The scope of s. 151 of the Road Traffic Act 1988 was the subject of the judgment of Tugendhat J in the case of Bristol Alliance Limited Partnership v Williams (1) EUI Limited (2)  EWHC Civ 1657 (QB), handed down last week.
In the early hours of 12 December 2008 a car driven by D1, Mr Williams, collided with the House of Fraser store in Cabot Circus, Bristol, causing in the region of £250,000 of damage to the store. Mr Williams was insured at the time by EUI Limited operating under the name of Bell, a division of Admiral. The case was brought in the name of the owners of the store as a subrogated claim by the property insurers against, initially, the driver. Mr Williams admitted negligence. EUI, his motor insurer, applied to be joined to the proceedings to enable it to argue that it should not be obliged to satisfy any judgment against Mr Williams because the damage had been caused in the course of a suicide attempt by its insured. EUI relied on a clause in the policy purporting to exclude liability on the part of the insurer for deliberate acts by the insured.
On 16 and 17 June 2011 the court heard argument addressing a preliminary issue of whether EUI would be liable to satisfy a judgment in favour of the innocent third party victim of the accident, regardless of whether it was entitled to decline to cover Mr Williams under the terms of the policy.
Tugendhat J found in favour of the Claimant that, regardless of the deliberate act exclusion clause in the policy, EUI was obliged to satisfy the judgment obtained by Bristol Alliance against Mr Williams. EUI had issued Mr Williams with a Certificate of Insurance certifying that he held insurance that complied with the minimum requirements of the Road Traffic Act 1988. It was argued on behalf of Bristol Alliance that the statutory minimum insurance that a driver is required to have under s. 143 of the Act, the scope of which is contained in s. 145, must cover the driver for deliberate acts (following the reasoning of the Court of Appeal in a line of cases concluding in Charlton v Fisher  QB 578). In light of this the policy must be construed in such a way that, although the deliberate act clause might operate against the insured preventing him from obtaining the benefit of the policy, it would not prevent an innocent third party victim obtaining satisfaction of a judgment against the insured from his insurer under s. 151 of the Act. This reasoning was accepted by the Court.
The Claimant argued secondly that if the Court held that s. 151 of the Act could not be interpreted under the conventional rules of construction in order to give rise to the above result, it should be construed purposively (Marleasing SA v La Comercial Internacional de Alimentacion SA C-106/89  ECRI-4135), so far as possible, to give effect to the five EU Motor Insurance Directives that were in force at the time.
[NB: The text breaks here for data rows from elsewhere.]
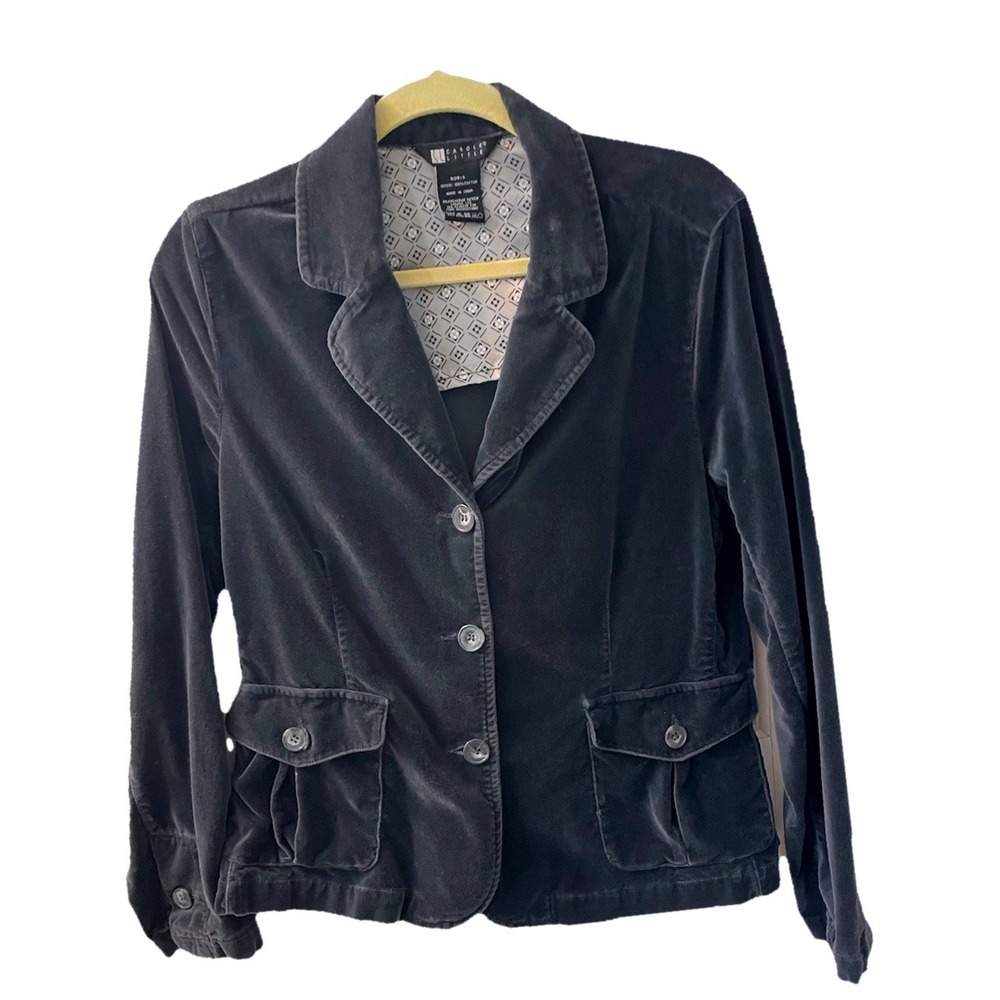 Carole Little Womens Velvet Blazer Jacket‎ Charcoal Black Cotton Size L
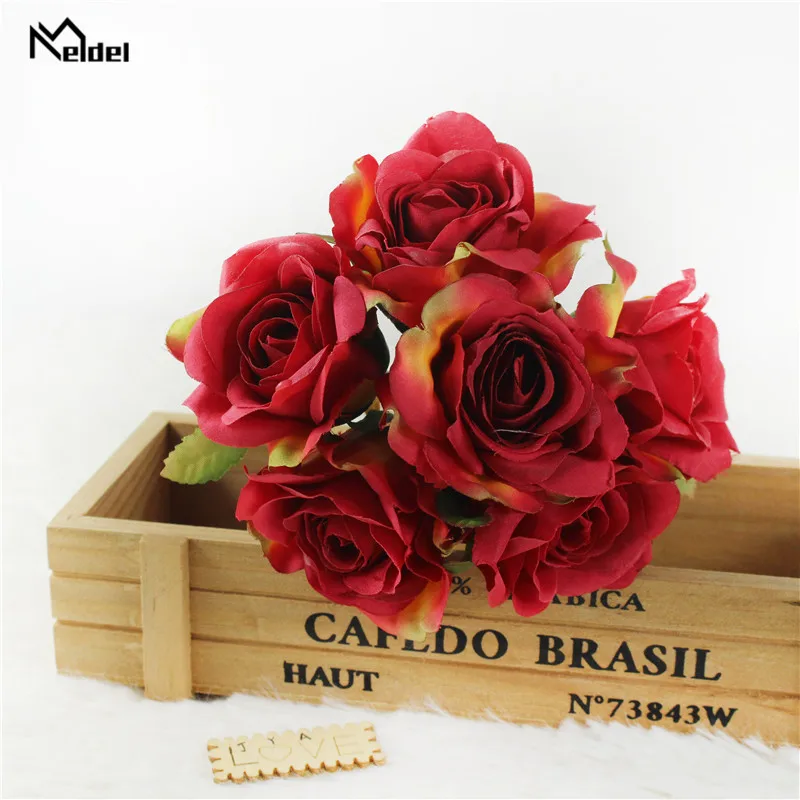 Buquê com 6 flores de rosas brancas, 1 buquê, flores pequenas, buquê de rosas de seda para casamento, decoração para dama de honra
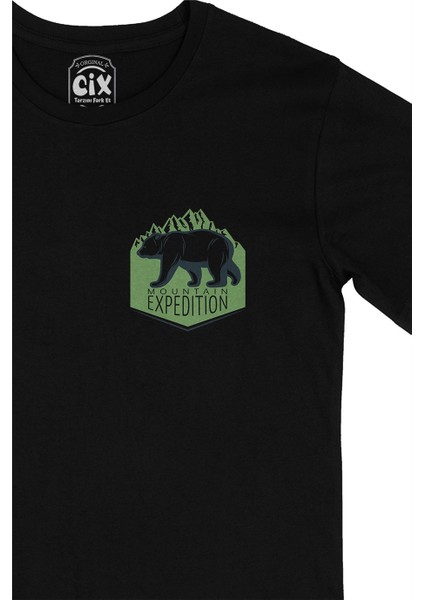 Mountain Expedition Cep Logo Tasarımlı Siyah Tişört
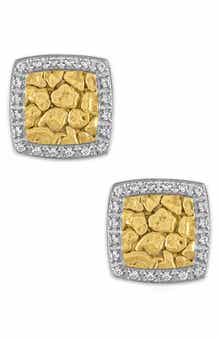 Esquire Men's Stainless Steel Diamond Halo Nugget Stud Earrings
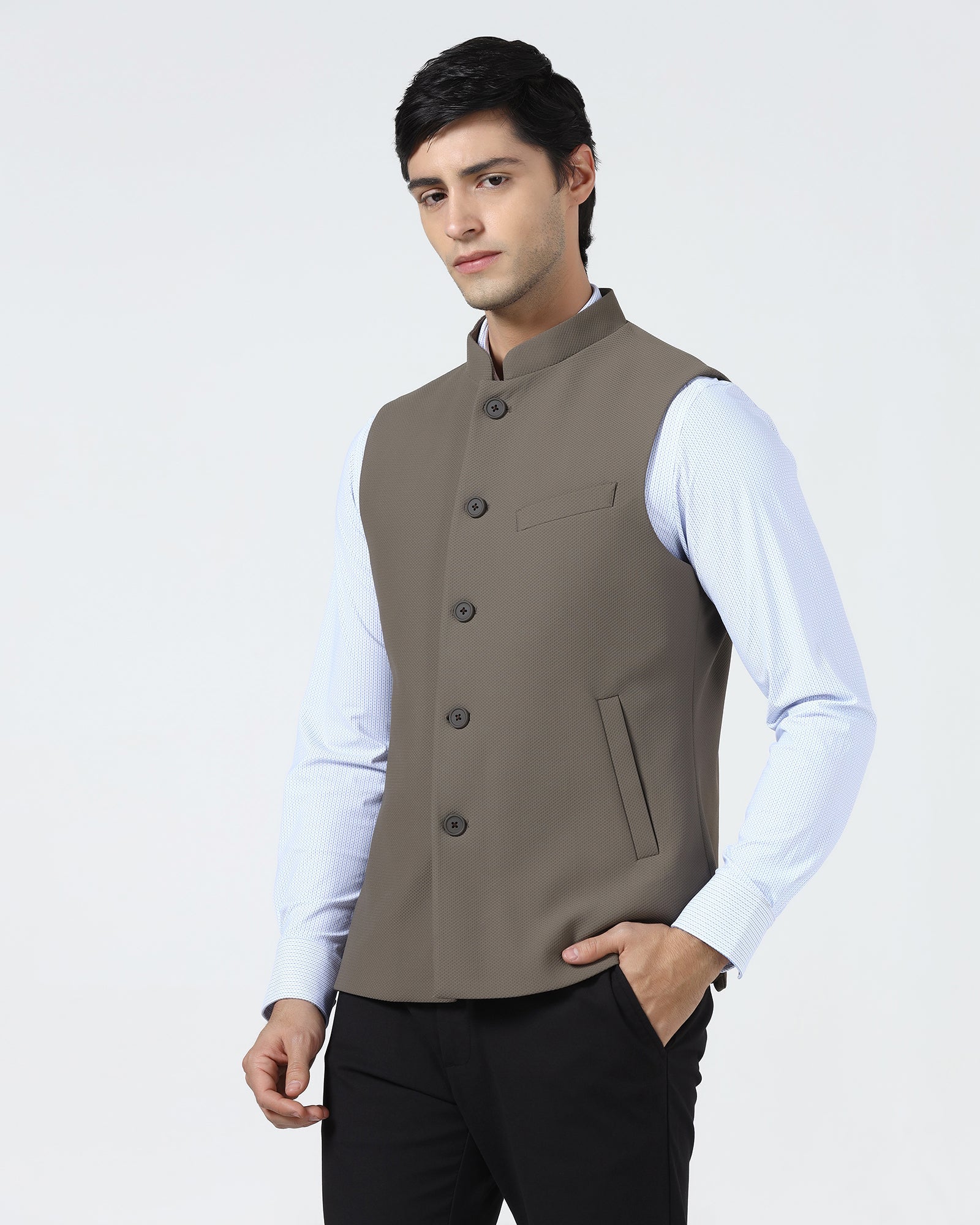 Brown Bandhgala TechPro Textured Waistcoat - Marcelo
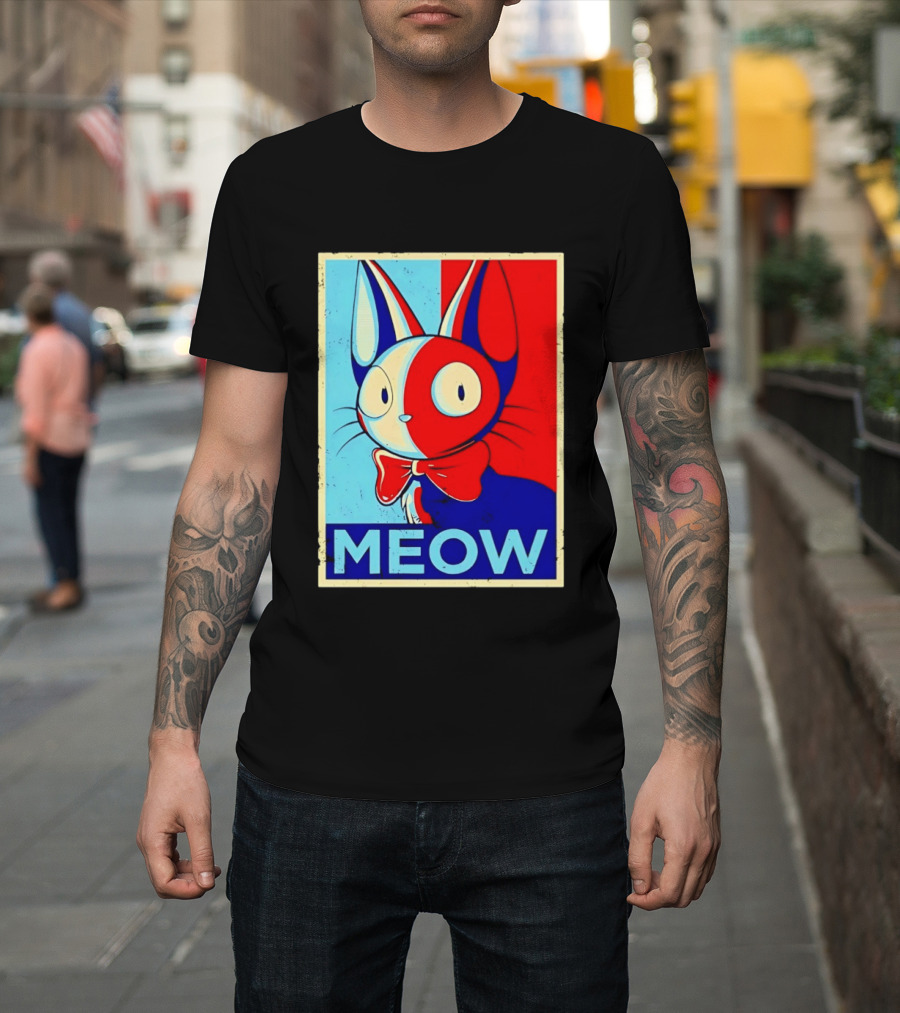 Meow Red Blue Cat Bow Tie T-Shirt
Taking into account the contents of the Directives (in particular A3(1) of the First Directive, A1(1), A1(4) and A2(1) of the Second Directive) and the decision of the ECJ in Case C129/94 Bernaldez  ECR I-1829, Part VI of the 1988 Act must be interpreted as requiring the user of a motor vehicle to be insured under a policy that satisfies the minimum requirements of the Directives and any exclusion clauses that purport to restrict the ability of the innocent third party victim to recover from the insurer should be construed as having no effect.
Tugendhat reached his conclusion as a matter of domestic law but went on to consider, obiter, the position under EU law. He rejected arguments on behalf of EUI that the Claimant could not be considered to be a victim because the claim was subrogated and, further, that the decision of the ECJ in Bernaldez should be read as applying only to purported exclusion clauses relating to drivers who are intoxicated. He concluded that if his decision under domestic law was wrong, then the Claimant’s arguments concerning the effect of the Directives on the interpretation of the 1988 Act would succeed.
In practice, this issue does not arise in most cases where a motor insurer purports to restrict recovery under the terms of the policy as a result of the conduct of its insured, because it is usually required to meet the victim’s claim as Article 75 insurer when the victim exercises the entitlement to recover damages from the MIB under the MIB Uninsured Drivers’ Agreement. The scope of s. 151 arose acutely in this case because the MIB scheme excludes recovery in subrogated claims. The judgment does contain however an interesting analysis of the scope of the minimum insurance requirements of the Road Traffic Act and (obiter) of the effect on this of the EU Directives.
John Ross QC and Laura Johnson acted for the successful Claimant.